Budapest is a movie star in its own right, appearing in numerous films under the guise of Paris, Moscow, Buenos Aires or East Berlin. However, while Budapest sets the stage for the international film industry on its city streets or in the nearby Korda Studios, Hungarian homegrown cinema also merits recognition. With the László Nemes’ Son of Saul winning both an Academy Award and Golden Globe for Best Foreign Language film in 2015, Hungarian cinema is finally getting noticed on an international scale.
Over time, the local film industry has developed a cocktail of realism and echoes of daily life shaken up with the surreal and the absurd. Many cite the 1950s to 60s as Hungarian cinema’s golden age, which, coincidentally, was also the most brutal era of Hungary’s communist dictatorship. Cinema at this time used Hungarian history and human stories as a subtle medium to stand up against the regime.

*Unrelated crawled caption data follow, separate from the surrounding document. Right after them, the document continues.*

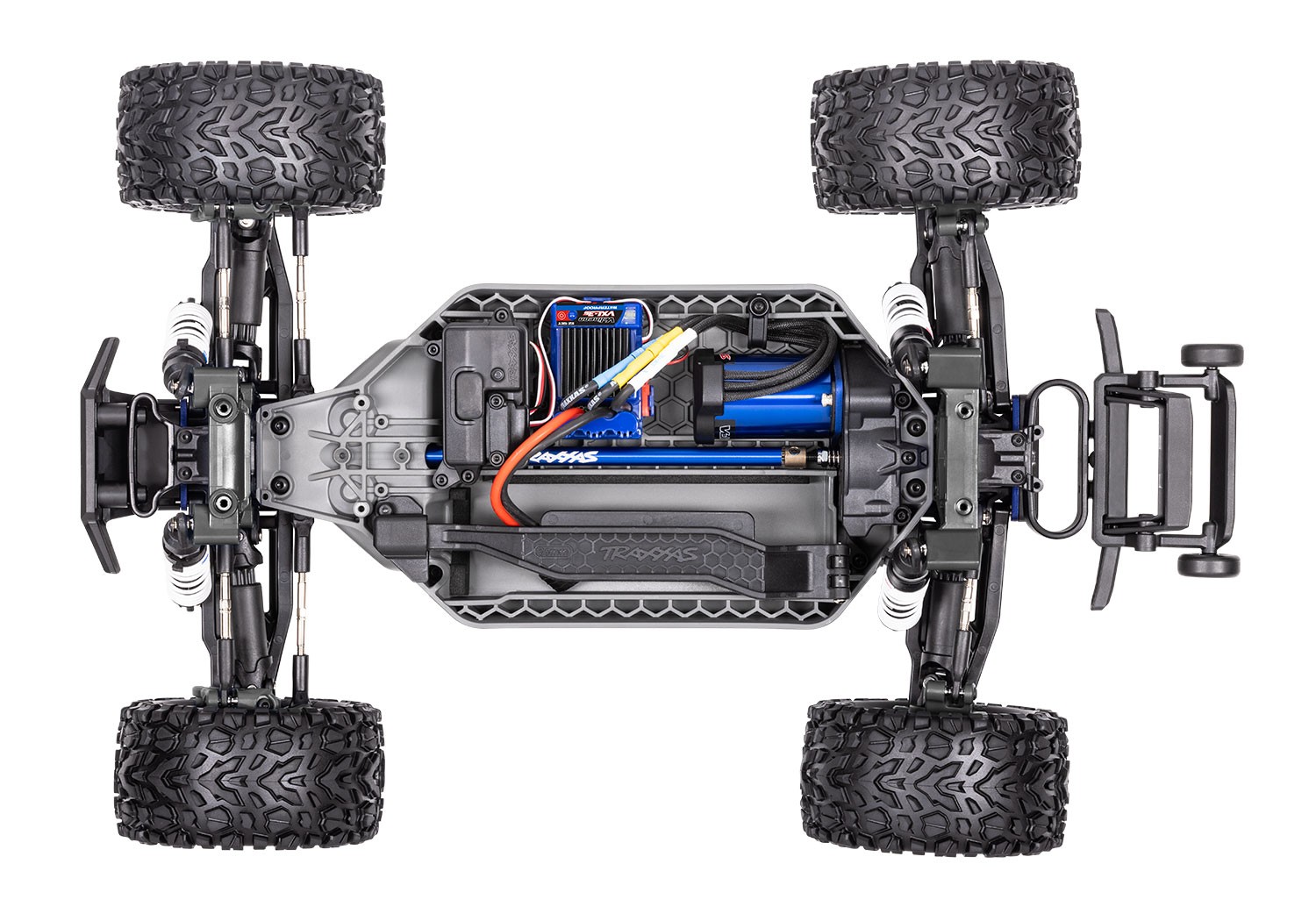 Traxxas Rustler 4x4 VXL V2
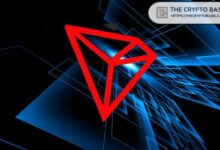 تحليل TRON: هل يستعد TRX لقفزة 30% بعد انقلاب بشكل V؟ اكتشف التفاصيل الآن!
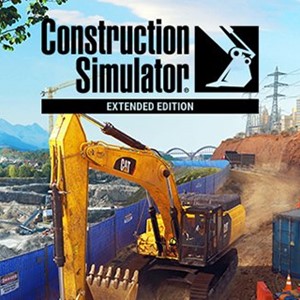 🔥Construction Simulator 2022 Extended Edition (2022)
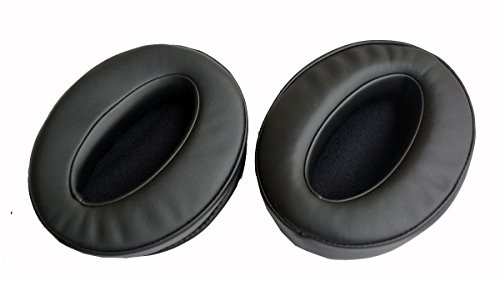Ohrpolster für Sennheiser HD4.40bt HD4.30i HD4.50BTNC kabellose Kopfhörer (Ohrenschützer/Kissen)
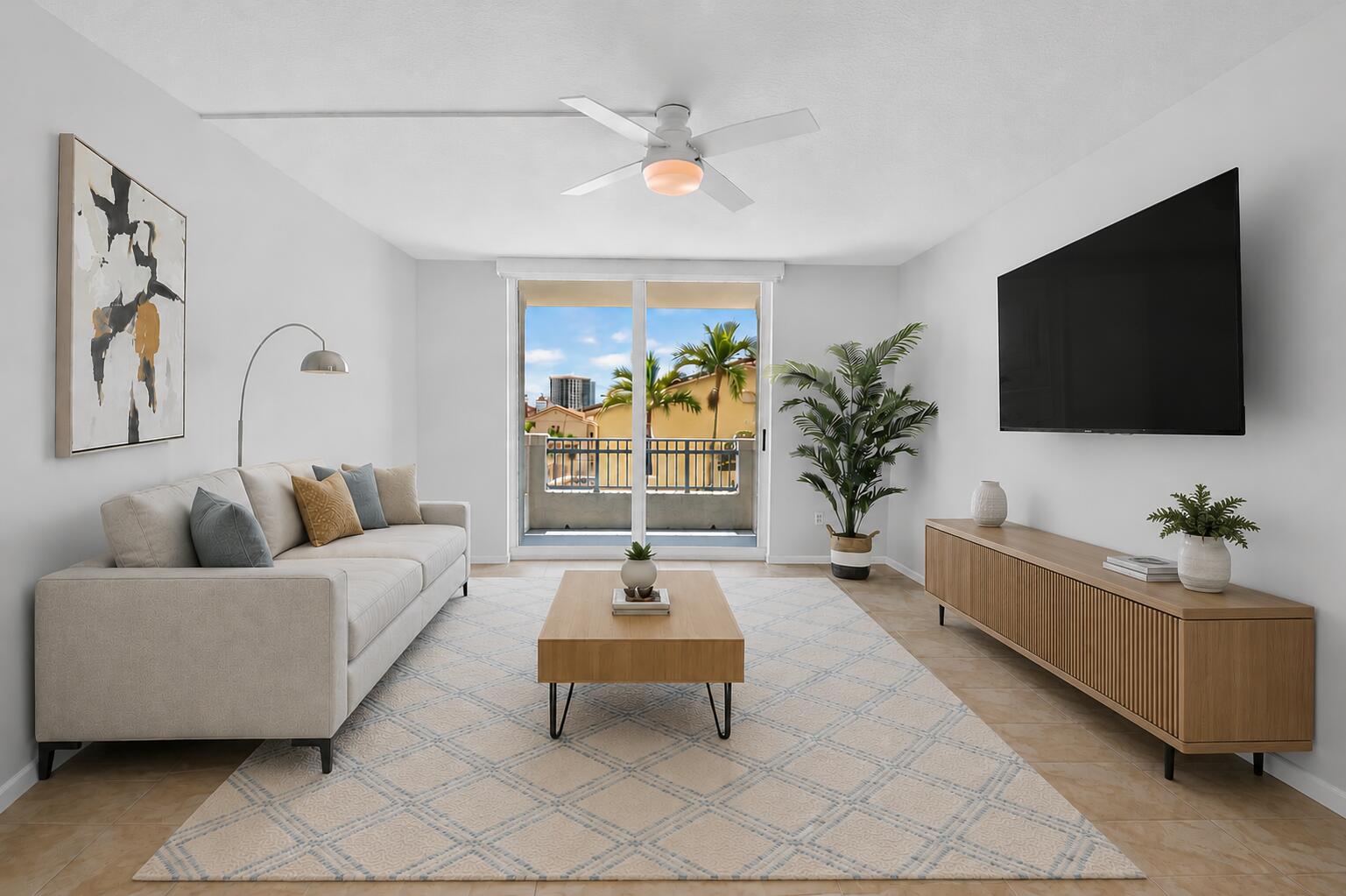 METROPOLITAN CONDO - Residential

However, as the decades moved on, film turned to address contemporary issues. Cult comedy The Witness (1969), by Péter Bacsó, was banned for over a decade for its critical and satirical depiction of the country’s communist regime. The Witness, which uses humour to cope with difficult political and social topics, is a prime example. One of the most famous lines in the movie about the “Hungarian orange” has become a foundation in Hungarian popular culture. The home-grown orange, eaten by the protagonist’s children, is switched to a lemon and described as “a bit more yellow, a bit sourer, but it’s ours.”
Another element is the use of fantastical storytelling techniques to express the human condition, such as István Szabó Mephisto (1981), a Faustian drama set in Nazi Germany and Hungary’s first Oscar winning film, the only one before 2016. Or realism presented through the medium of experimental cinema, such as director Béla Tarr’s works, which engage philosophical elements with a pessimistic view of humanity by using avant-garde storytelling and film techniques, such as in Sátántangó (1994) or Werckmeister Harmonies (2000).
Contemporary Hungarian cinema has seen a new style revival since modern classic Control (2003) by Nimród Antal, whose surreal, black comedy about metro ticket inspectors shot entirely on the Budapest underground system gained cult status in Hungary and abroad. This set the pace for Hungarian new wave cinema, departing from more realistic storytelling forms: films such as Taxidermia (2006), a metaphorical socio-political retelling of post-Second World War Hungarian history to the present day; gritty dark magical realist story Bibliothèque Pascal (2010) and Kornél Mundruczó‘s visceral revenge fantasy White God (2013).